Using the entries below, write out the line with "Artistic Floral Cross", the line with "Stainless Steel Vintage", and every line in between, exactly as each is written.

--- START ---

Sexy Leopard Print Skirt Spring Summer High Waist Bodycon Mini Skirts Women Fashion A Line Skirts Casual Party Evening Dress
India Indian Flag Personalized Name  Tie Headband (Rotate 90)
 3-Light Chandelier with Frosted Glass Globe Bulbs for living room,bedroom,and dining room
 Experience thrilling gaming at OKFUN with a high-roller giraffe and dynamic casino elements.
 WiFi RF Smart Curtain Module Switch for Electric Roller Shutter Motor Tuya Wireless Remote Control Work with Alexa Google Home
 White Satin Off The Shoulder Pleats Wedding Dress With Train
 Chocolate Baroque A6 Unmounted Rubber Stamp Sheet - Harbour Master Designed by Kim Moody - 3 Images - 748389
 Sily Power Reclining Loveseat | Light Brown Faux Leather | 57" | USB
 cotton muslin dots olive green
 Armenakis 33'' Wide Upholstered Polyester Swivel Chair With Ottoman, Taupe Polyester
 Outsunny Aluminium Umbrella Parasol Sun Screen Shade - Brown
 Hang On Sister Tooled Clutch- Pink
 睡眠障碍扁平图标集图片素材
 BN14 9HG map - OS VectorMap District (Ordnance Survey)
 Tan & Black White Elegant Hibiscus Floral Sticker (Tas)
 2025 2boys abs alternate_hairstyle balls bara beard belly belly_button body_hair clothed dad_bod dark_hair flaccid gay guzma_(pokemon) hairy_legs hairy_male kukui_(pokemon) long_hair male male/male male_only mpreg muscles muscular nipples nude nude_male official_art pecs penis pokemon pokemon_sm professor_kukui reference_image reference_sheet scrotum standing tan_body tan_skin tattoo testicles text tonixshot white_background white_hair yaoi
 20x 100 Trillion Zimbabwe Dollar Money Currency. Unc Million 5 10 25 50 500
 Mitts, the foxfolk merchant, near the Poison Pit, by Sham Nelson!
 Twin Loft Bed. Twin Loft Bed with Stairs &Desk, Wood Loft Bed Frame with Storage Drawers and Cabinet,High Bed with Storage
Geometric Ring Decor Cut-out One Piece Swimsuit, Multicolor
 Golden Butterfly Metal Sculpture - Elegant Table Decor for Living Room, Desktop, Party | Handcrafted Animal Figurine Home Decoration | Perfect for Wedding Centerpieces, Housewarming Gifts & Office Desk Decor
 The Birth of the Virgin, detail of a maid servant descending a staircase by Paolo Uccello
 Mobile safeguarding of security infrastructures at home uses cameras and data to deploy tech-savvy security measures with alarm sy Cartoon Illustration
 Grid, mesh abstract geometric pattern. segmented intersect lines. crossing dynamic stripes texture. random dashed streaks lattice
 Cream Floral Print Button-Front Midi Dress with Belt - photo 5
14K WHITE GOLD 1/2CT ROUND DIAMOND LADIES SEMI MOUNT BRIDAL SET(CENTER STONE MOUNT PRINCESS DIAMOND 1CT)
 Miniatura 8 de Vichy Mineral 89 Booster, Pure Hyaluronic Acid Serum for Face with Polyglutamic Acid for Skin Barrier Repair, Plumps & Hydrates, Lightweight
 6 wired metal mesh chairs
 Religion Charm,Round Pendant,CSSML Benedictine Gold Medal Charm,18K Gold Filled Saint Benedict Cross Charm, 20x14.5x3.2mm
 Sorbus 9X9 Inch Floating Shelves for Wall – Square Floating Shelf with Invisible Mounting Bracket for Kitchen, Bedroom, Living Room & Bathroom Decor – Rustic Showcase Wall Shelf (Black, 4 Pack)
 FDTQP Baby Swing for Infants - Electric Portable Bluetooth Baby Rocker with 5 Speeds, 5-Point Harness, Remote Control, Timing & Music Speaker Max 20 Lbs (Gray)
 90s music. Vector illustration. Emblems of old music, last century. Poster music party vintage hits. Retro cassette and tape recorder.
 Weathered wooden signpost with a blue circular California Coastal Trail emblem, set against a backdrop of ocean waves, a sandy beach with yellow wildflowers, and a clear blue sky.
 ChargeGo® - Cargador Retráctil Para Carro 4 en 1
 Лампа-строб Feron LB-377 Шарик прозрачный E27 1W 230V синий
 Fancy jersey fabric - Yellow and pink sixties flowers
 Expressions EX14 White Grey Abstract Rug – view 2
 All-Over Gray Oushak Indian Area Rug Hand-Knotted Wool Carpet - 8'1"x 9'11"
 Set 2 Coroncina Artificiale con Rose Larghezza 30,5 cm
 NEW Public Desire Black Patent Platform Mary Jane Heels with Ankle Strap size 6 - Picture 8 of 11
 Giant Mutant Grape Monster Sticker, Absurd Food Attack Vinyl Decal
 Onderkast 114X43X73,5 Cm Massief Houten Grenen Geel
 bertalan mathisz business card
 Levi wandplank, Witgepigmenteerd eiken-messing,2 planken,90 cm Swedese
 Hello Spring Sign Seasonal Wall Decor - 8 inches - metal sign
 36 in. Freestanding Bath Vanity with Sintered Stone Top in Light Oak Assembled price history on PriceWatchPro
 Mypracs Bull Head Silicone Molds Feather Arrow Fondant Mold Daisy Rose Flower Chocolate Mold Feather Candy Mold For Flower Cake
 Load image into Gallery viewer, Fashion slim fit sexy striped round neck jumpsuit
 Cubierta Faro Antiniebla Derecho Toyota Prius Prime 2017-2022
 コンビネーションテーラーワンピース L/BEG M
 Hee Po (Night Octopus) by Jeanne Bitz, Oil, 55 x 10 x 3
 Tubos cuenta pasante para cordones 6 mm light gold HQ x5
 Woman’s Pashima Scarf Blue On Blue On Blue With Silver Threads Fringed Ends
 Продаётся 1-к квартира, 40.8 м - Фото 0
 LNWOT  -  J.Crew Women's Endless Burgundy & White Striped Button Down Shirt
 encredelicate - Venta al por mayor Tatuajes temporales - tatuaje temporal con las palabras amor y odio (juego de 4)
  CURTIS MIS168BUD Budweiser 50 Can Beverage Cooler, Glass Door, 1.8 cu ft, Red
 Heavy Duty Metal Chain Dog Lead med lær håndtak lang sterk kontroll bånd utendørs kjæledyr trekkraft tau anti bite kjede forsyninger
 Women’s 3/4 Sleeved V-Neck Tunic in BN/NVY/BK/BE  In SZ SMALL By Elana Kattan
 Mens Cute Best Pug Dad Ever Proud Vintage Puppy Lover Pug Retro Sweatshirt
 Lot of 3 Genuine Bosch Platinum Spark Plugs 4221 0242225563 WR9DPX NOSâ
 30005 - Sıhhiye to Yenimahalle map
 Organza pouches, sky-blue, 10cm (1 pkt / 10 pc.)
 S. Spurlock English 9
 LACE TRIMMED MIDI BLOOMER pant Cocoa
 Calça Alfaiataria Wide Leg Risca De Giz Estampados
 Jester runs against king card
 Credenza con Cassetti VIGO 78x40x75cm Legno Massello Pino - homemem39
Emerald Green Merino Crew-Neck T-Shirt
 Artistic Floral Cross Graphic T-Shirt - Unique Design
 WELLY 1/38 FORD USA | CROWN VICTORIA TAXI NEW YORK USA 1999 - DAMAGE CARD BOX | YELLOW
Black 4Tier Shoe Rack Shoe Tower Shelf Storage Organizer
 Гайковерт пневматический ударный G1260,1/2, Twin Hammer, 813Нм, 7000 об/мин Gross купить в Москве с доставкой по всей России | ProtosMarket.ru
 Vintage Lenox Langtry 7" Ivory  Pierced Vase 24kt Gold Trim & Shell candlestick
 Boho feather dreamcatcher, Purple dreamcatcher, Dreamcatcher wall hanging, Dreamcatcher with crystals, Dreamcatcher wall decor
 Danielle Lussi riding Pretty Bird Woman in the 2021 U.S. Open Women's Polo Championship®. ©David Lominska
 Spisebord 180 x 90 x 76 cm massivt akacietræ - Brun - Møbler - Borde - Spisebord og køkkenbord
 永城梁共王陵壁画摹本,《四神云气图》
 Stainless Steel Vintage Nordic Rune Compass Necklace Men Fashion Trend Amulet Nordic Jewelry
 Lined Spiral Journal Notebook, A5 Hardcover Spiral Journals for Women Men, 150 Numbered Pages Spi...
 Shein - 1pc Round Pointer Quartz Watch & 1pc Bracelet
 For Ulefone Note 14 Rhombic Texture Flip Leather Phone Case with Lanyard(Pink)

--- END ---

• Written response:
 Artistic Floral Cross Graphic T-Shirt - Unique Design
 WELLY 1/38 FORD USA | CROWN VICTORIA TAXI NEW YORK USA 1999 - DAMAGE CARD BOX | YELLOW
Black 4Tier Shoe Rack Shoe Tower Shelf Storage Organizer
 Гайковерт пневматический ударный G1260,1/2, Twin Hammer, 813Нм, 7000 об/мин Gross купить в Москве с доставкой по всей России | ProtosMarket.ru
 Vintage Lenox Langtry 7" Ivory  Pierced Vase 24kt Gold Trim & Shell candlestick
 Boho feather dreamcatcher, Purple dreamcatcher, Dreamcatcher wall hanging, Dreamcatcher with crystals, Dreamcatcher wall decor
 Danielle Lussi riding Pretty Bird Woman in the 2021 U.S. Open Women's Polo Championship®. ©David Lominska
 Spisebord 180 x 90 x 76 cm massivt akacietræ - Brun - Møbler - Borde - Spisebord og køkkenbord
 永城梁共王陵壁画摹本,《四神云气图》
 Stainless Steel Vintage Nordic Rune Compass Necklace Men Fashion Trend Amulet Nordic Jewelry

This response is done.